▸ Recorded data
┄┄┄┄┄┄┄┄┄┄
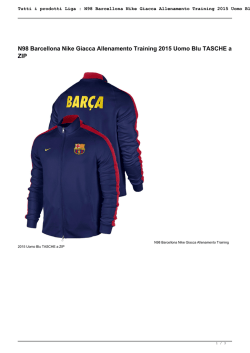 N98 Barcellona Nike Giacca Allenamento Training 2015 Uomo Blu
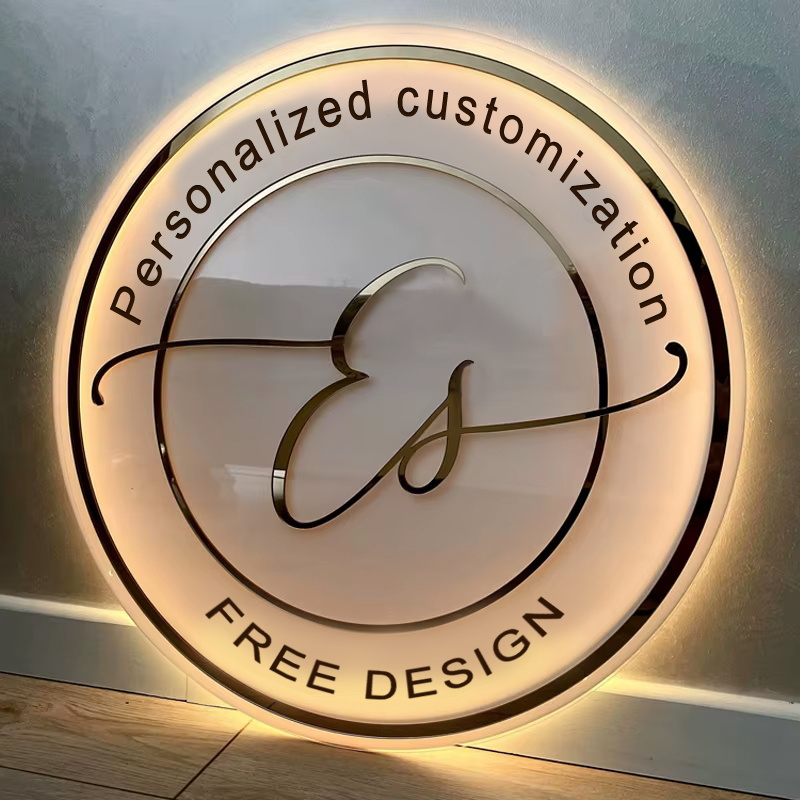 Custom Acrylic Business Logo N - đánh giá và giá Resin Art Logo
┄┄┄┄┄┄┄┄┄┄
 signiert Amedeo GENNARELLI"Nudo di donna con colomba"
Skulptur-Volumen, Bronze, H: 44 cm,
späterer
┄┄┄┄┄┄┄┄┄┄
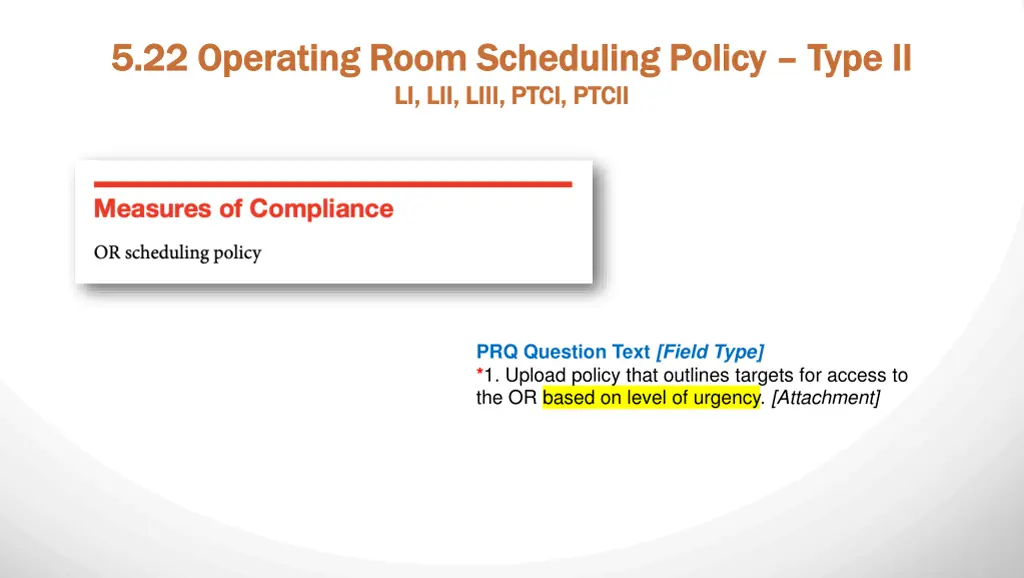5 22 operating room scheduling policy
┄┄┄┄┄┄┄┄┄┄
In the listing above, find the line with "N98 Barcellona Nike" and the line with "Custom Acrylic Business". Copy exactly those two and every line between, without the pictures.

 N98 Barcellona Nike Giacca Allenamento Training 2015 Uomo Blu
 Custom Acrylic Business Logo N - đánh giá và giá Resin Art Logo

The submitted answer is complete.